RICHMOND — Yes, it’s true that Virginia’s statehouse served as the capitol of a hostile breakaway confederacy that enslaved other humans and engaged in a bloody war with the United States.
But until Thursday, that was the only thing the federal government officially recognized as historic about the Virginia State Capitol.
And as any Virginian can tell you, at great length, there’s a whole lot more.
The feds are finally onboard with that, as the National Park Service has changed the State Capitol’s designation as a National Historic Landmark.
Now the Capitol is recognized for the full sweep of its historical and architectural significance, which goes far beyond one of the darkest periods in U.S. history.
To wit: It was designed by Thomas Jefferson (with the help of French architect Charles Louis Clérisseau). Inspired by the symmetrical beauty of a Roman temple in France, the building ushered in the whole era of Neoclassical construction in American monumental buildings (you’re welcome, Washingtonians).
The cornerstone was laid in 1785, with Gov. Patrick “Give me liberty, or give me death” Henry in attendance. Its walls have seen the ratification of the Bill of Rights in 1791 and the treason trial of former vice president Aaron Burr in 1807, presided over by Chief Justice John Marshall.

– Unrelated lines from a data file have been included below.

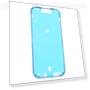 Превью LCD Frame Bezel Waterproof Adhesive Stickers — Screen Protectors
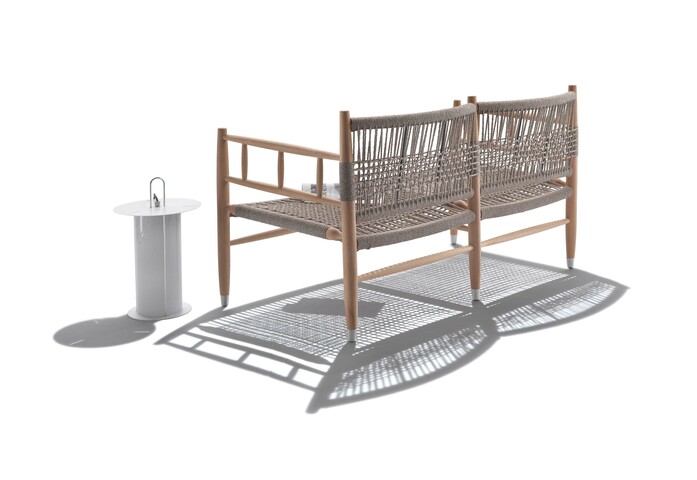 FLEXFORM LEE OUTDOOR sofa 5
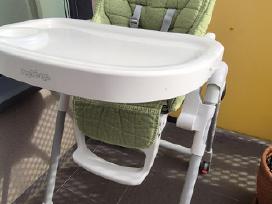 Peg Perego maitinimo kėdutė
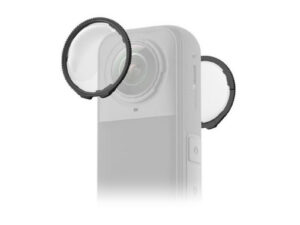 "Insta360 X5" objektyvo apsauga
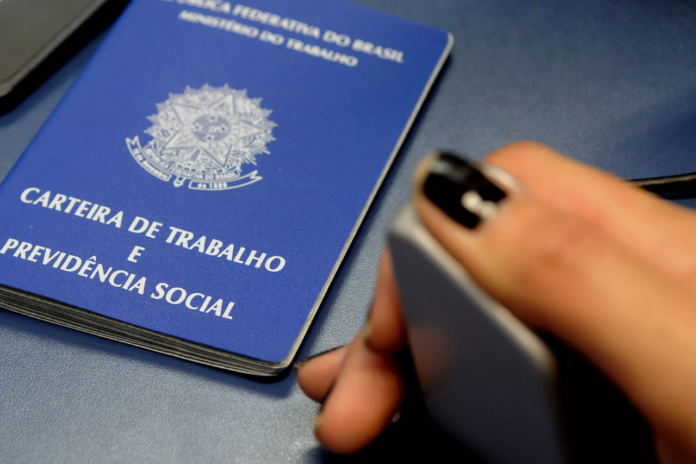 720 vagas de emprego abrem em Maringá; veja os cargos com mais oportunidades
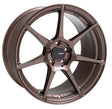 Enkei TFR Wheel in None - 17x8, 5x112, 45mm Offset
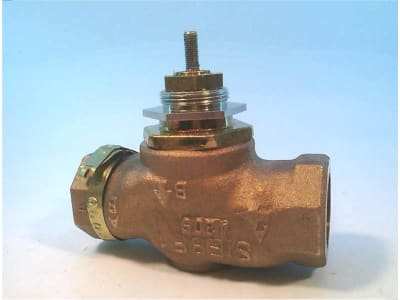 INVENSYS VB-7213-000-4-07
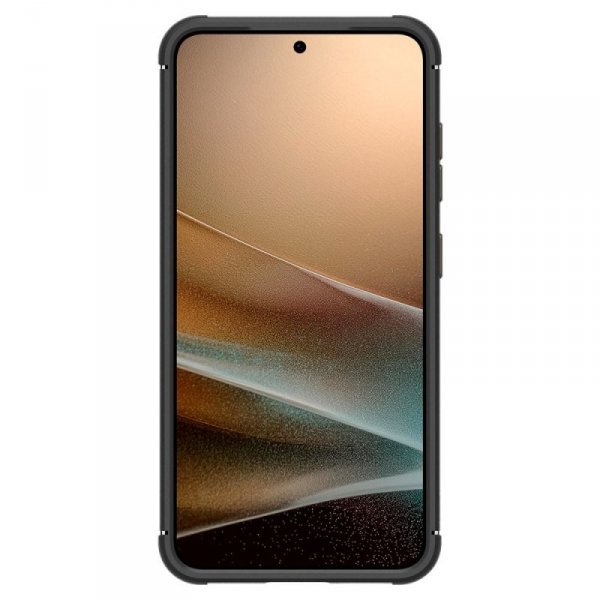 SPIGEN CORE ARMOR MAG MAGSAFE GALAXY S25 MATTE BLACK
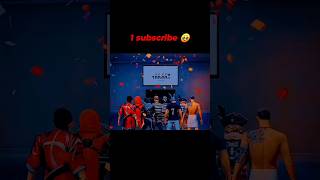🥺_1_subscribe_🥺_#freefire_#yosho_#freefirelovers_#freefair_#gamercommunity#subscribe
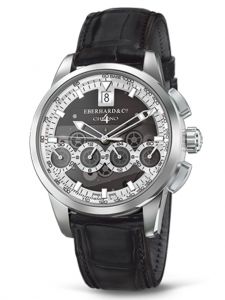 Đồng hồ Eberhard & Co Chrono 4 130 Edition Limitée 31130.01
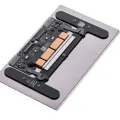 Trackpad For MacBook 12" A1534 (2016-2017) (Gold)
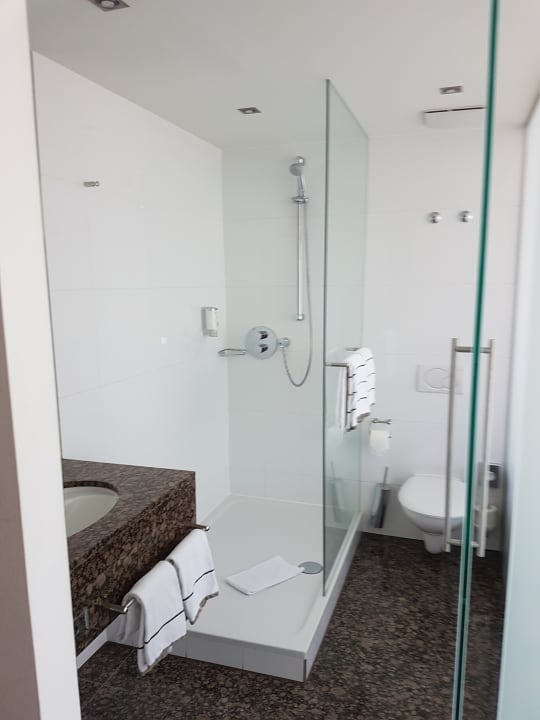 Zimmer ACHAT Hotel München Süd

Yes, Robert E. Lee assumed command of Virginia’s Confederate forces there, and Jefferson Davis was sworn in as president of the Confederate States. But the building was also the site of the swearing in of L. Douglas Wilder in 1990 as the first African American elected governor of any state.
The Confederate historic designation was awarded in 1960, when the country was poised to observe the centennial of the outbreak of the Civil War. Virginia had tried several times since then to have its recognition changed, without success.
So while the official change seems like semantics — the Park Service now designates the site as the “Virginia State Capitol” instead of as the “Capitol of the Confederacy” — it means a lot to a state trying to wrestle with the weight of its past.
As legislators convened in the building Wednesday for the 2017 session of the General Assembly, they were fond of noting that they are part of the oldest deliberative body in America — heirs to the House of Burgesses, which formed in Jamestown in 1619. State leaders were pleased that the change in national landmark status comes before 2019, the legislature’s 400th anniversary.